I told my husband last week I wanted a divorce and that I cheated, thinking that would make it easier to leave. His response was.......it was his fault I cheated and he isn't mad. He would even consider an open marriage if that is what I needed since he can't give me what i need. That is just crazy to me.

We agreed to work on our marriage and be more open about what we needed and were not getting from each other. 
At this point, I feel like I am keeping my promise. It has been a little over a week and he hasn't even attempted to be sexual in any way with me. And I have voiced my concerns several times in the past week. At this point - I am afraid that even if he did, I still wouldn't be satisfied. Even though I cheated and it was a one night stand.....there was one hundred times more intimacy than we have had in about 8 years.

My husband and I are overweight and that plays a huge part in our sex problems. I have told him numerous times that i dont care how much he weighs, but once it starts interferring with our marriage.....he should want to do something about it.
Is that wrong of me? I am overweight too....but I can do daily tasks, especially in bed and my life and the people i care about are not being affected by it.

I know he is not having an affair. he just doesn't care about sex anymore? Who does that??????? We are in our forties, in case you were wondering.

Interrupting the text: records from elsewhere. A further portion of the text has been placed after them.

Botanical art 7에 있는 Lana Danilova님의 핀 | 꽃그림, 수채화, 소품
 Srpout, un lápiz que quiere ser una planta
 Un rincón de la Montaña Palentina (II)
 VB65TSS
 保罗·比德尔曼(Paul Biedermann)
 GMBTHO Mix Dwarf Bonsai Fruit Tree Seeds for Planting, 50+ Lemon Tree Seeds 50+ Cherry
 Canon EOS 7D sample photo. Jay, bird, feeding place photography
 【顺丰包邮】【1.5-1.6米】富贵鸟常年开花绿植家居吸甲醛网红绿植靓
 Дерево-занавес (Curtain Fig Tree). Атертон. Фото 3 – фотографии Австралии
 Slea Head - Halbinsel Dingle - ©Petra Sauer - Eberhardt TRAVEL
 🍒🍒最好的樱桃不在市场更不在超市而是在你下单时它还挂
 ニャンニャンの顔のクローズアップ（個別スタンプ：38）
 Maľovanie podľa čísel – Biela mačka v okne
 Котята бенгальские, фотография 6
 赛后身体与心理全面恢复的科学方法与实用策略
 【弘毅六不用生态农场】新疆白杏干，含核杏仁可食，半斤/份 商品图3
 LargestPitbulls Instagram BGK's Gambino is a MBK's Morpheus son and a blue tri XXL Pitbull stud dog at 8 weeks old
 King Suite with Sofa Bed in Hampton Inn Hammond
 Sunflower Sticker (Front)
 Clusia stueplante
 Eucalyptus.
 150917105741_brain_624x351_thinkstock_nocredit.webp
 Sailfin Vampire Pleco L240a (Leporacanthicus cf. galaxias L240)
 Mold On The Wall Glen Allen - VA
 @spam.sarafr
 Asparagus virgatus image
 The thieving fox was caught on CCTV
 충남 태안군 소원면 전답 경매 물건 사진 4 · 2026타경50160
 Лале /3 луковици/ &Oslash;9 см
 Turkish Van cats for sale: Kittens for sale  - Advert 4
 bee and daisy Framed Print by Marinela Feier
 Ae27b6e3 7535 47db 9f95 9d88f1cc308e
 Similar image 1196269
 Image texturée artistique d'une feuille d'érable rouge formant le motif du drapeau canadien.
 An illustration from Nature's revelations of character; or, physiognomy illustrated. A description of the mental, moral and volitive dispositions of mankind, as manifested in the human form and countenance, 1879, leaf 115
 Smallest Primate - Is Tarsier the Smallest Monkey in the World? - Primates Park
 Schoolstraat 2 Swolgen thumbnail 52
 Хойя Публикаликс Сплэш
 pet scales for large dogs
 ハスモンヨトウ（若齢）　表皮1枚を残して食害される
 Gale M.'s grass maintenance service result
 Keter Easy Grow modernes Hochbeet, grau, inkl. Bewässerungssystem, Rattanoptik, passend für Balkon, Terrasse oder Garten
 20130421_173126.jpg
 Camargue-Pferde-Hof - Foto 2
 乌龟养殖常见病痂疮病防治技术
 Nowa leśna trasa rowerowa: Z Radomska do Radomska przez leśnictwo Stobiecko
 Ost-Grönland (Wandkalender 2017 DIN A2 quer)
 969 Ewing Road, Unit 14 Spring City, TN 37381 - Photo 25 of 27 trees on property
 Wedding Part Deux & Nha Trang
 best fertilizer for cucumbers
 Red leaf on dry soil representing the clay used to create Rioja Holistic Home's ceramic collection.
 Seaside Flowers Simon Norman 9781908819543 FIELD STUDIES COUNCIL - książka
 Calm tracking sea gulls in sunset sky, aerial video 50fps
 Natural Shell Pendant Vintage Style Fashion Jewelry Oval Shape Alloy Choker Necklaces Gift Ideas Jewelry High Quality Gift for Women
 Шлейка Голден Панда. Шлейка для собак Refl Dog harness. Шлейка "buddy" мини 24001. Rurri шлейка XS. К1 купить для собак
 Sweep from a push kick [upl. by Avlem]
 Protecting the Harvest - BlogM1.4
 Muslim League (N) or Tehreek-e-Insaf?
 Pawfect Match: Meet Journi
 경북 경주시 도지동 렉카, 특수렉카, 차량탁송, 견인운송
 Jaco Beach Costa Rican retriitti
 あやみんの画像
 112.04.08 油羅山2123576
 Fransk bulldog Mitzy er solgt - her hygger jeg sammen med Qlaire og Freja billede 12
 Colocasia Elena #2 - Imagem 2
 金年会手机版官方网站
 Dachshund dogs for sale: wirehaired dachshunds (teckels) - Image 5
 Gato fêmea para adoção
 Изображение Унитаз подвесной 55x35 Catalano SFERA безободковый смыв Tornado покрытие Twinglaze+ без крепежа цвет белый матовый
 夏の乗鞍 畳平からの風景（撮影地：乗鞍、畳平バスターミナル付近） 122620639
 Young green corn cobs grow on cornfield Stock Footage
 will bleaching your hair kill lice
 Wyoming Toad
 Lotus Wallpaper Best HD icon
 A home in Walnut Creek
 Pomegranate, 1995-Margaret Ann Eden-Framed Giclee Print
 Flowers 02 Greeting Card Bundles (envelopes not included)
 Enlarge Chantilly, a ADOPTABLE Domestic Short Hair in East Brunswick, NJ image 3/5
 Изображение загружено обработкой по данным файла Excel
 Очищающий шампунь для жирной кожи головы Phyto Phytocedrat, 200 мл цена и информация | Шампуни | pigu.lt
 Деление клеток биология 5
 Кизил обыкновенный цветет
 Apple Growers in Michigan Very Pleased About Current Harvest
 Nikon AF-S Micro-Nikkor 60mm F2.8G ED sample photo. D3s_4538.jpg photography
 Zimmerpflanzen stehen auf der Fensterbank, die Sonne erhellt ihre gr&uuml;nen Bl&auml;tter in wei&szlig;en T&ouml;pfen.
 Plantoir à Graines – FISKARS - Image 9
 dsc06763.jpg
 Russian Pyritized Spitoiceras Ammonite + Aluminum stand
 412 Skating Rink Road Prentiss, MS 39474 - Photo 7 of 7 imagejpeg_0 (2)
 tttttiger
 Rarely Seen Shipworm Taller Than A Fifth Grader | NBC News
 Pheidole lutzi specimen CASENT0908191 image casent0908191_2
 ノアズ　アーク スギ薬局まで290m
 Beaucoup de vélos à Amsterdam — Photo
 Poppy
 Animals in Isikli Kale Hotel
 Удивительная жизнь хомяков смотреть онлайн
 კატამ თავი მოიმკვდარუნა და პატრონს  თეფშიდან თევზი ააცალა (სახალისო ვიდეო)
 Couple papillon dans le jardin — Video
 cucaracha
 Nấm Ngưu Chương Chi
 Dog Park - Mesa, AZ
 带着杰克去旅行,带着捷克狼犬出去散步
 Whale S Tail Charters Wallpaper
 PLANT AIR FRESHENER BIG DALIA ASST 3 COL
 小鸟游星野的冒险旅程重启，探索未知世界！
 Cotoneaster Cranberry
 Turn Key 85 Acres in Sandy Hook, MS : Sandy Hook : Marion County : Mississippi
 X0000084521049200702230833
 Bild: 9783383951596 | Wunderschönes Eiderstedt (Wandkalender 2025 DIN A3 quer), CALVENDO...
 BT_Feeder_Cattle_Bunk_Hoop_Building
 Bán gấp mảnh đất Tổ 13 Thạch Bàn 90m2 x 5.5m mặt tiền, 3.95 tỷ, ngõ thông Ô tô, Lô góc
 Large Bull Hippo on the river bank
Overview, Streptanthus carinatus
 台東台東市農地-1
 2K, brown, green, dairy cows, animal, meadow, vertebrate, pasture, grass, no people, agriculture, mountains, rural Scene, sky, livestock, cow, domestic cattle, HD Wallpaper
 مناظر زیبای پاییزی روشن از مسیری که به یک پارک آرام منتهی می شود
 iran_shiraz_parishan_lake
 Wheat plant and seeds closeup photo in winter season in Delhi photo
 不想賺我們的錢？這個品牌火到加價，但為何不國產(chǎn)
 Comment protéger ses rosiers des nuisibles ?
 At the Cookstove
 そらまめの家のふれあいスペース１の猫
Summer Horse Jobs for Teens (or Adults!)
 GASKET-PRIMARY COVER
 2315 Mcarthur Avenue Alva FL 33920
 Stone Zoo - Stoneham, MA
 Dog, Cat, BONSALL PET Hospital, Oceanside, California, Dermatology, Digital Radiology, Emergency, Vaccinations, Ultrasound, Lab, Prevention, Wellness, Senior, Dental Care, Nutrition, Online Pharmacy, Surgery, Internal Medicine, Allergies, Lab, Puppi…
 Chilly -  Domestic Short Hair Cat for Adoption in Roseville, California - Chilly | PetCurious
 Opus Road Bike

Any thoughts? Am I just prolonging the inevitable here? Is there any hope for my marriage.


----------



## doobie (Apr 15, 2014)

You lucky thing having your husband offer an open marriage so that you can still have sex. I'm trying at present to get my husband to agree to this. We're both in our fifties and have been married less than 2 years but the sex just about dried up as soon as the ring was on my finger. The only way forward I can see for us without Divorce is to have an open marriage so that I can still have sex. He seems quite happy to live without sex and thinks we're too old to be having sex at our age. Had I known that marriage would equal celibacy, I would never have married him. Go for the open marriage option, it's got to be better than living a celibate life just because your husband no longer wants sex.


----------



## NoChoice (Feb 12, 2012)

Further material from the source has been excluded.